■ Dataset entries ■
------------
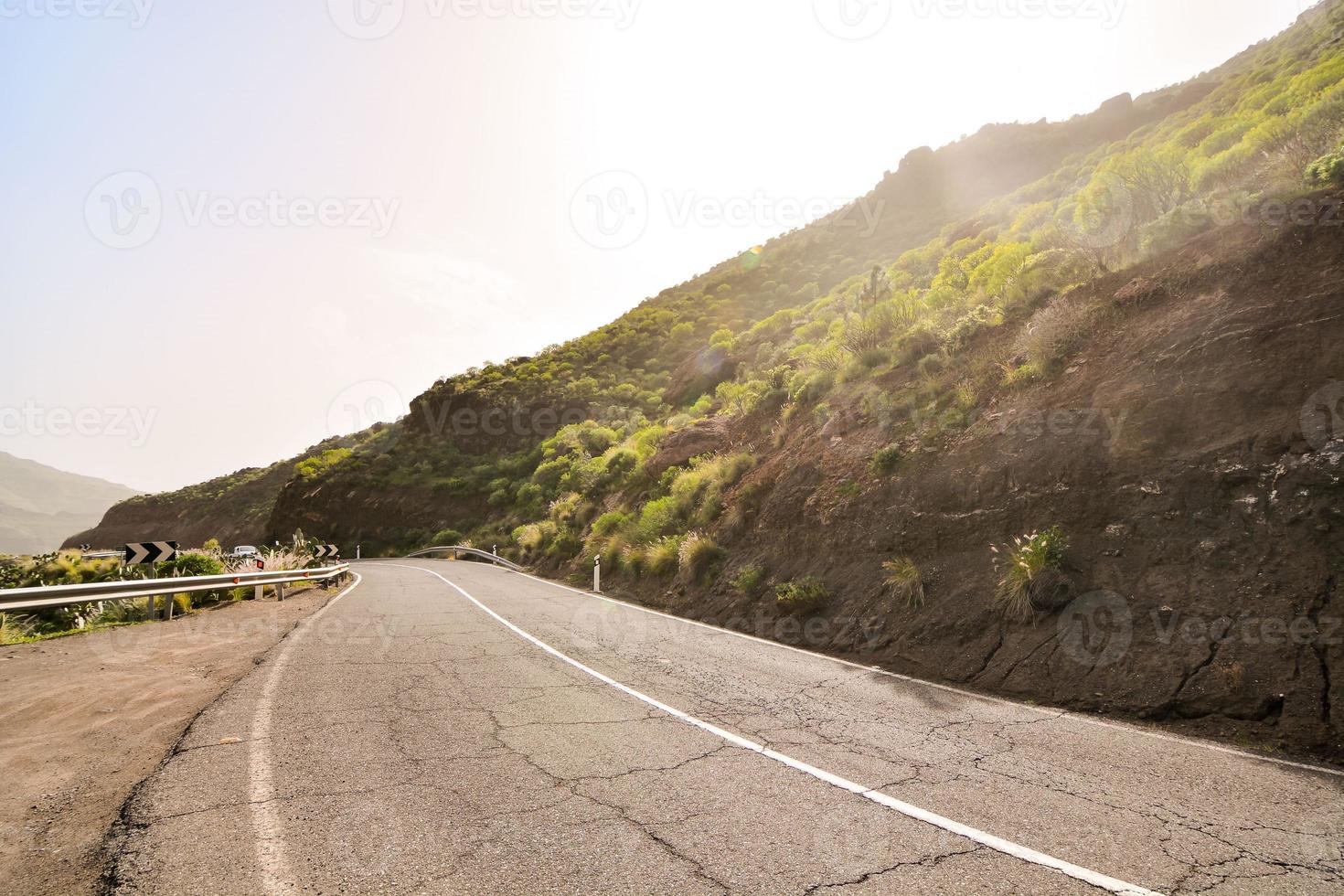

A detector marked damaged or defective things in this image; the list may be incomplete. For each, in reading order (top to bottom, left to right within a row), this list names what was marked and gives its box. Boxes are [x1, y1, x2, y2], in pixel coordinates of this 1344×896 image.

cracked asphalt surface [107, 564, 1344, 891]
------------
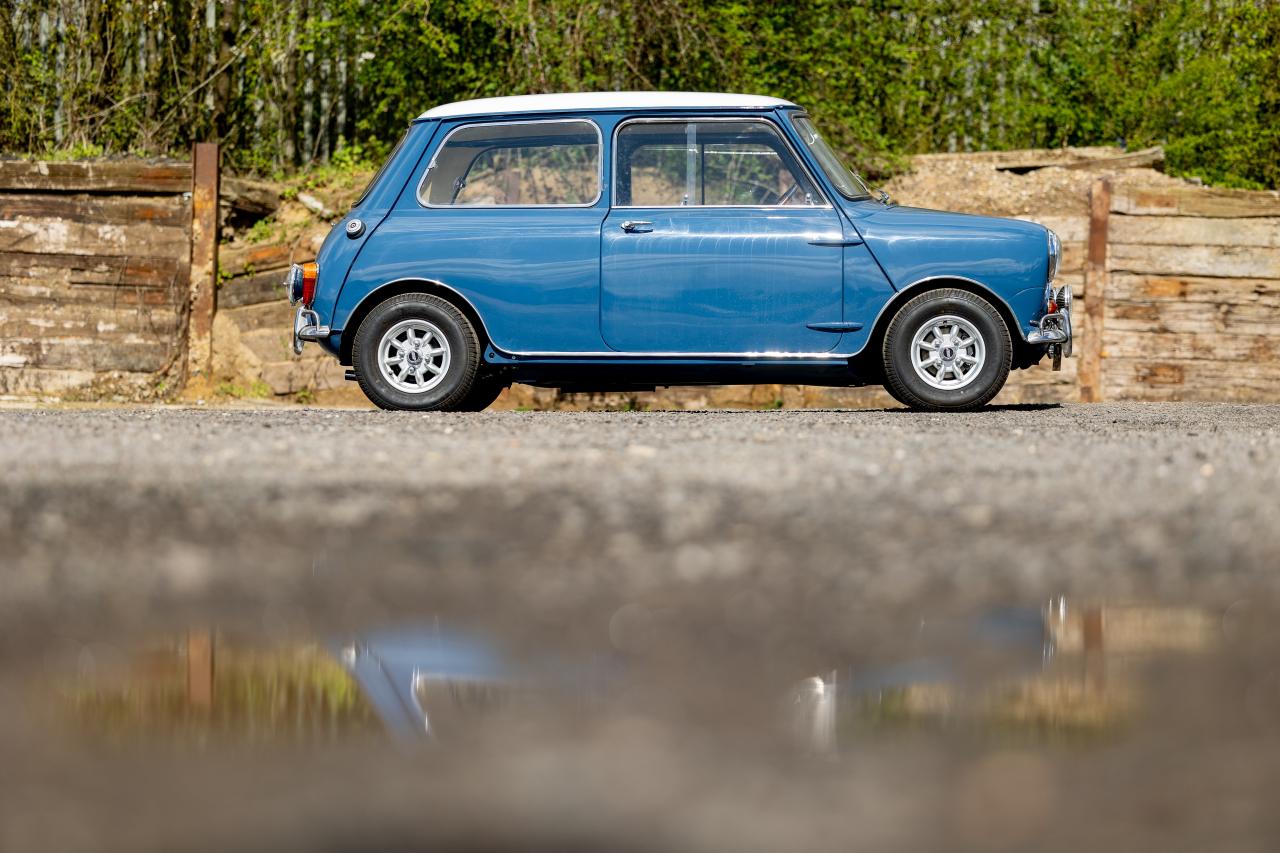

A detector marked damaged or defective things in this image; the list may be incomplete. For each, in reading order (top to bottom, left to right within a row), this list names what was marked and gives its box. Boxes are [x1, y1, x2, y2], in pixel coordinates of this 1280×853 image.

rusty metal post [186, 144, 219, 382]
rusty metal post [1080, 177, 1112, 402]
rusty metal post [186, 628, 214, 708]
------------
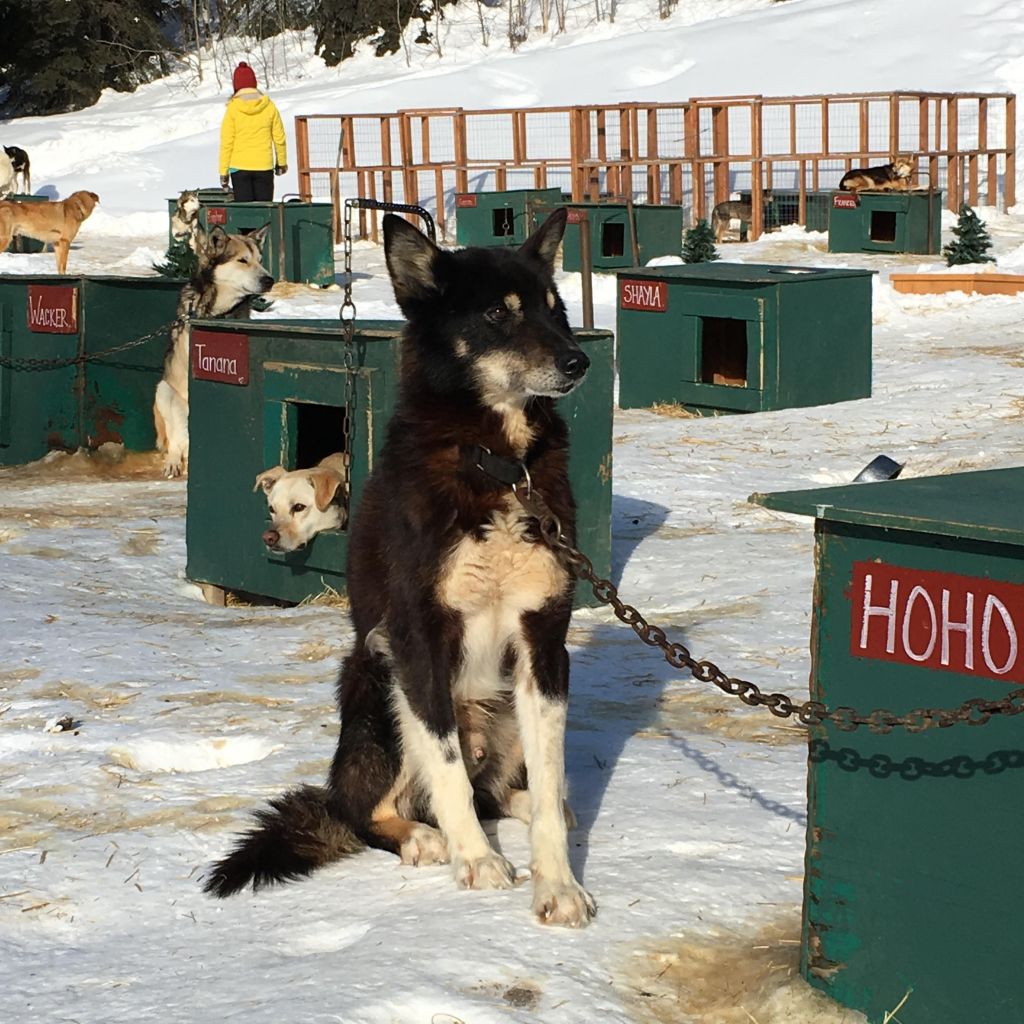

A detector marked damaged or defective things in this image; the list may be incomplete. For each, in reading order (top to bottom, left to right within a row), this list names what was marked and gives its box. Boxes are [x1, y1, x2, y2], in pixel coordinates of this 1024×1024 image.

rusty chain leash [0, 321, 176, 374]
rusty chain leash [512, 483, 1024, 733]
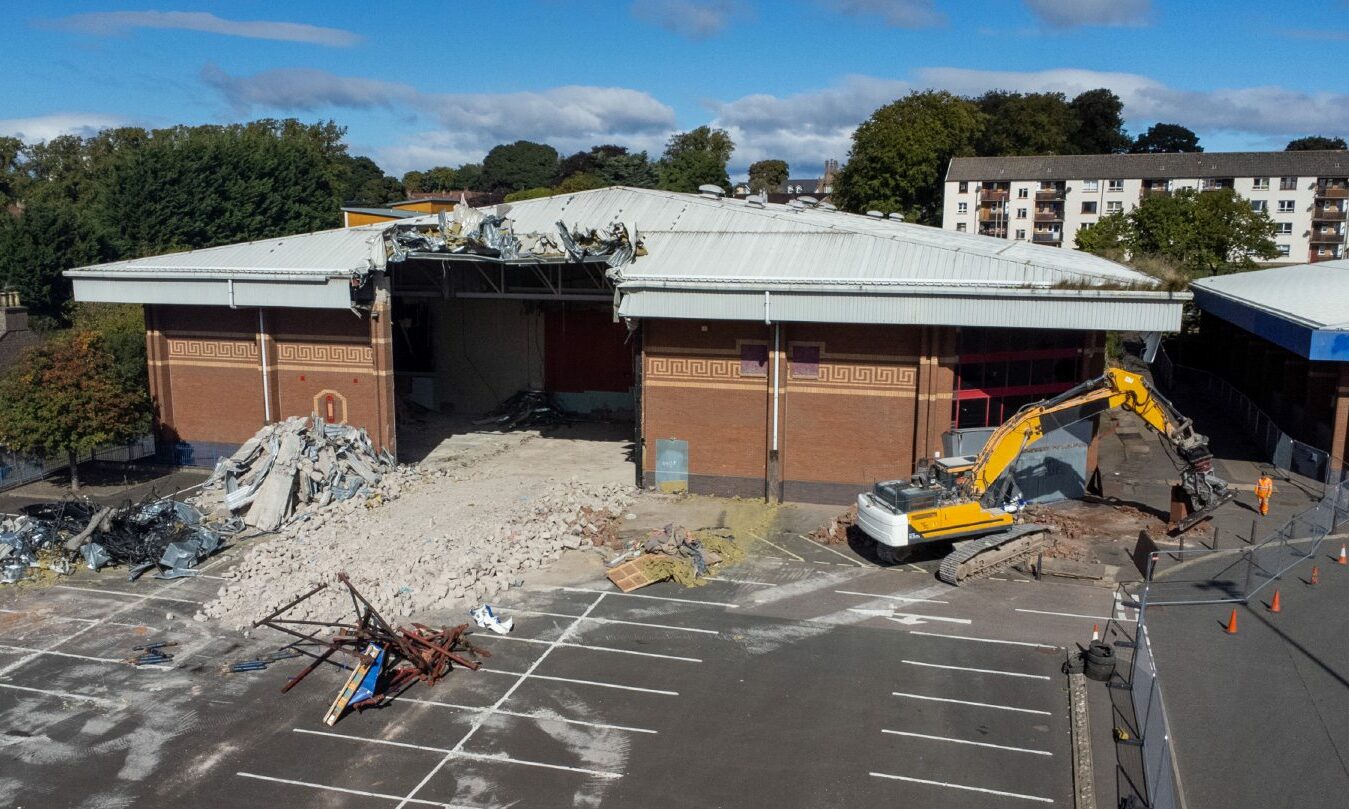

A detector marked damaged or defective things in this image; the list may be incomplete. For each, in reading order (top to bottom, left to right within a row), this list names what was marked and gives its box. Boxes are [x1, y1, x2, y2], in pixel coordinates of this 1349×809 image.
------------
■ Activity ■
Please output the lines above beginning at the line with "this 1024×1024 image." and ending after the line with "this 1349×809 image.", precisely as written and with no pictures.

■ Written answer ■
A detector marked damaged or defective things in this image; the list may be incomplete. For each, in reading order (top to bottom, left to right within a row), this list names what was marked and gives its box. Boxes are [x1, y1, x2, y2], in pixel coordinates of this 1024×1024 image.

rusty chain leash [0, 321, 176, 374]
rusty chain leash [512, 483, 1024, 733]

A detector marked damaged or defective things in this image; the list may be incomplete. For each, in reading order (top to bottom, left to right within a row), this list names what was marked and gives its box. Boxes are [x1, y1, x2, y2], in pixel coordinates of this 1349×809 image.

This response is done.